Several reports released earlier this year, before the recent $700 billion federal bailout of banks, provide a clue as to what workers might expect in terms of an average salary increase next year. Hewitt Associates says workers can expect a 3.8 percent average salary increase next year, while a study by Mercer says employers plan to give average salary increases of 3.7 percent. Likewise, a PayScale story, "5 Salary Secrets Your Company Won't Tell You" reports that, according to the 35th annual WorldatWork Salary Budget Survey, workers can expect an average salary increase of 3.9 percent.
Behind Less-than-Stellar News of Average Salary Increases, Hope Lurks
Such stagnant projections seem little reason for celebration, especially considering that escalating costs of nearly everything (the recent nosedive of gas prices notwithstanding) will easily devour average salary increases.

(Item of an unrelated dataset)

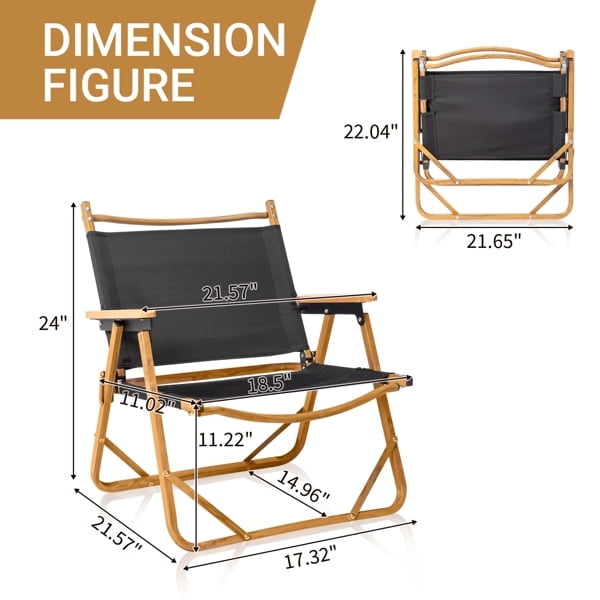 Folding Camping Chairs with 100kg Capacity, Black Imitation Wood Grain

But Ken Abosch, leader of Hewitt's North American Compensation Consulting business, says there's reason for hope. "With the current economic climate, we would anticipate seeing lower base pay raises, smaller variable pay awards and more companies freezing wages. Our findings indicate that companies are making small corrections, but they aren't panicking—they're staying the course and remaining relatively stable compared to prior economic downturns," Abosch says.
Variable pay is another bright spot. Variable pay--such as signing bonuses, retention bonuses, and individual performance awards--is still popular among employers, despite fiscal woes, as Abosch notes. Employers, facing a growing dearth of talent as baby boomers near retirement, are relying on variable pay to attract talent and motivate their top performers, according to Hewitt.
The Mercer findings also provide another source of promise, as a Wall Street Journal article notes. If you're a top performer, you can expect to see a higher average salary increase than your colleagues who so-so or full-on slackers. According to Mercer, highest-performing employees, or 14 percent of the workforce, can expect average salary increases of 5.6 percent in 2009 compared to 3.3 percent for average performers and 0.6 percent for the weakest performers. To some extent, this suggests you're still in the driver's seat when it comes to determining your raise--of course it depends on your industry and the overall health of your employer. So keep working hard and looking for ways to shine; your payoff just might boost your bank.
And perhaps most interesting is how resilient the American spirit has remained despite all the news and talk of money woes. According to a Pew Research Center survey, "there are no signs that the crisis has eroded people's fundamental confidence in either their own personal financial outlook or the nation's." The survey, conducted after the bailout crisis erupted, says 41 percent of the public rates its finances as excellent or good, almost identical to the 42 percent reporting this in July. Meanwhile, fewer people--57 percent--say their income is trailing the cost of living, compared to 64 percent in July.